COURT OF APPEALS OF NORTH CAROLINA
Nov 17, 2015
780 S.E.2d 759 (N.C. Ct. App. 2015)

Opinion

No. COA15–317.

11-17-2015

STATE of North Carolina v. Michael Brian WISE.

Attorney General Roy Cooper, by Special Deputy Attorney General Jennifer T. Harrod, for the State. Paul M. Green for defendant.


Attorney General Roy Cooper, by Special Deputy Attorney General Jennifer T. Harrod, for the State.

Paul M. Green for defendant.

Opinion

Appeal by defendant from Judgment entered 20 March 2014 by Judge Jesse B. Caldwell in Mecklenburg County Superior Court. Heard in the Court of Appeals 21 September 2015.

ELMORE, Judge.

Michael Brian Wise (defendant) was found guilty of one count of statutory rape against a victim 13, 14, or 15 years old, and two counts of statutory sexual offense against a victim 13, 14, or 15 years old. After careful consideration, we find no error.

I. Background

The State's evidence tended to show the following: Q.J. (the victim) and defendant initially became acquainted when the victim was attempting to call an ex-boyfriend but inadvertently reached defendant instead. A few weeks after this initial phone call, defendant and the victim again spoke on the phone. Defendant asked the victim how old she was, and she responded that she was eighteen years old. When defendant stated that he knew the victim's ex-boyfriend was thirteen or fourteen years old, the victim stated she was sixteen years old. The victim and defendant continued to speak on the phone, send text messages, and communicate through Facebook messaging. Their conversations tended to be personal and sexual, and the victim stated that she loved defendant and wanted to be in a relationship with him. The victim was fourteen years old and defendant was forty-three years old.
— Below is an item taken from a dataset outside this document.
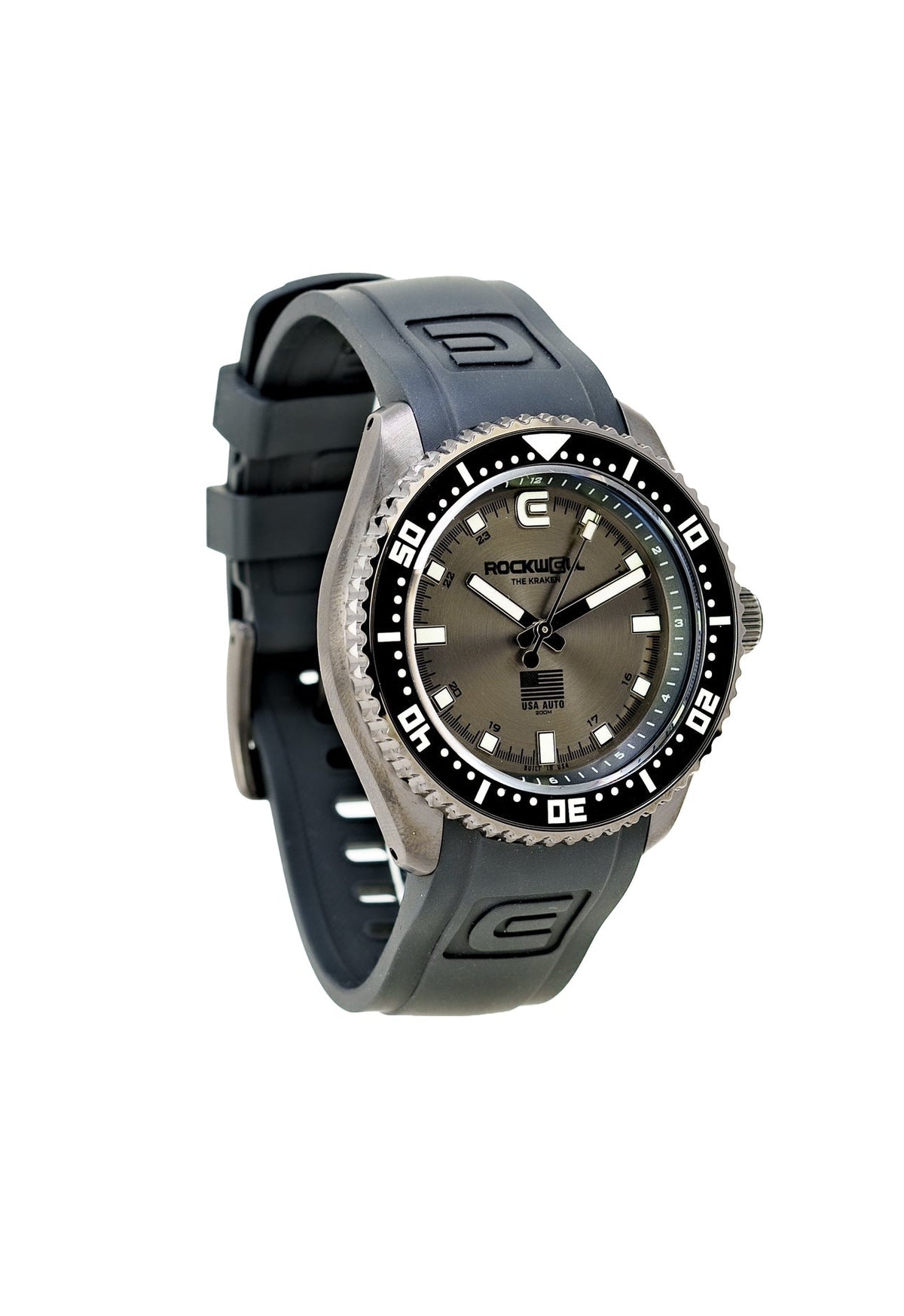 Black silicone wristwatch with dark brown dial, ridged bezel, Rockwell logo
We employ this pseudonym to protect the confidentiality of the minor in this case.

On 10 August 2012, defendant and the victim decided to meet in person at a park near the victim's home. Sometime between 7:00 and 9:00 p.m., the victim got into defendant's van, and defendant drove to a laundromat where they stayed for a few hours. When they arrived at the laundromat, they engaged in oral sex and sexual intercourse. Defendant then drove back to the park to drop the victim off around midnight. Officer Christopher Drew King of the Cornelius Police Department was on patrol near the park and approached the van. He thought it was suspicious because the park was closed and the van was turned off but not in a parking space. When asked why he was in the park while it was closed, defendant stated, “We're just talking.” Officer King testified,

And it was at that time that I looked past him, and I observed [the victim] covering her face as I was trying to locate her.... And I said, [”]How old is she?[”] And they both stated at about the same time that she was 18. I didn't feel comfortable with that answer. And I asked [the victim] to step out of the vehicle. And as she was stepping outside of the vehicle, the defendant—he kind of just nudged and said, [”]She told me she was 18.[”]

I thought this was a red flag in my book, and I called for an additional unit because I wanted to separate the parties to get their stories. And as she came around, I learned that she was 14 years old.
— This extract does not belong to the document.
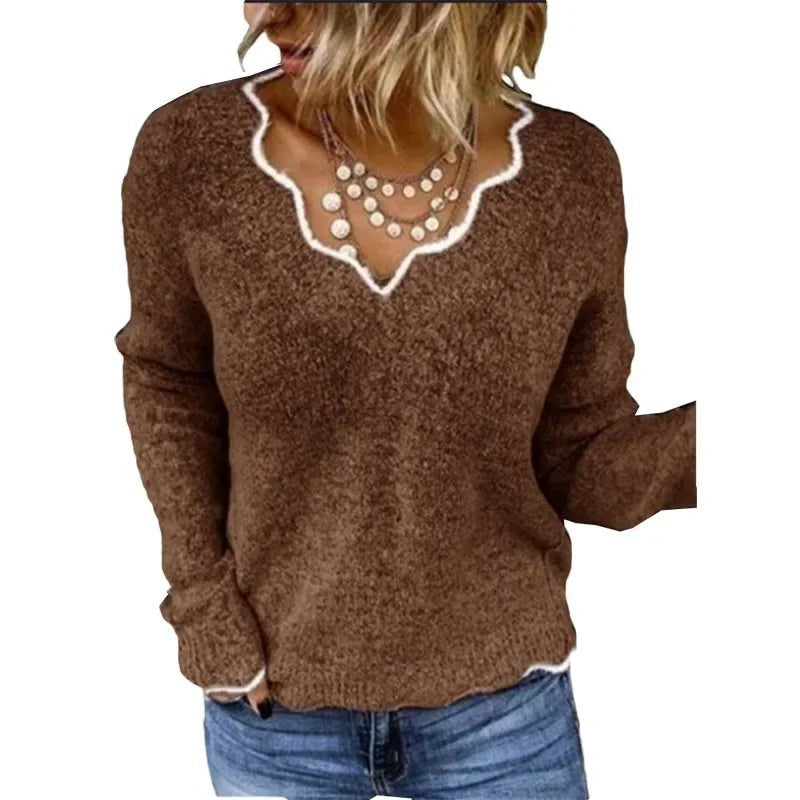 Women's V-Neck Wool Sweater - Brown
Officer King also saw two unused condoms in the van.

When Sergeant William Christopher Roper arrived at the scene, he spoke with defendant to find out why he was at the park. Sergeant Roper testified, “[Defendant] starts telling me he thought she was 18. He hands me his phone. He says, [']Here. Look at these text messages that I have.['] “ Sergeant Roper asked defendant if he would be willing to speak to a detective at the police station, and defendant agreed. Around 2:45 a.m., Detective Daniel Waltman spoke with defendant at the police station about what happened in the van. Around 4:00 a.m., Detective Waltman spoke with the victim. Detective Waltman testified that during the victim's interview, “she stated that they both got into the back of the van, started kissing. She performed oral sex on him. They had sex. And then she performed oral sex on him again.”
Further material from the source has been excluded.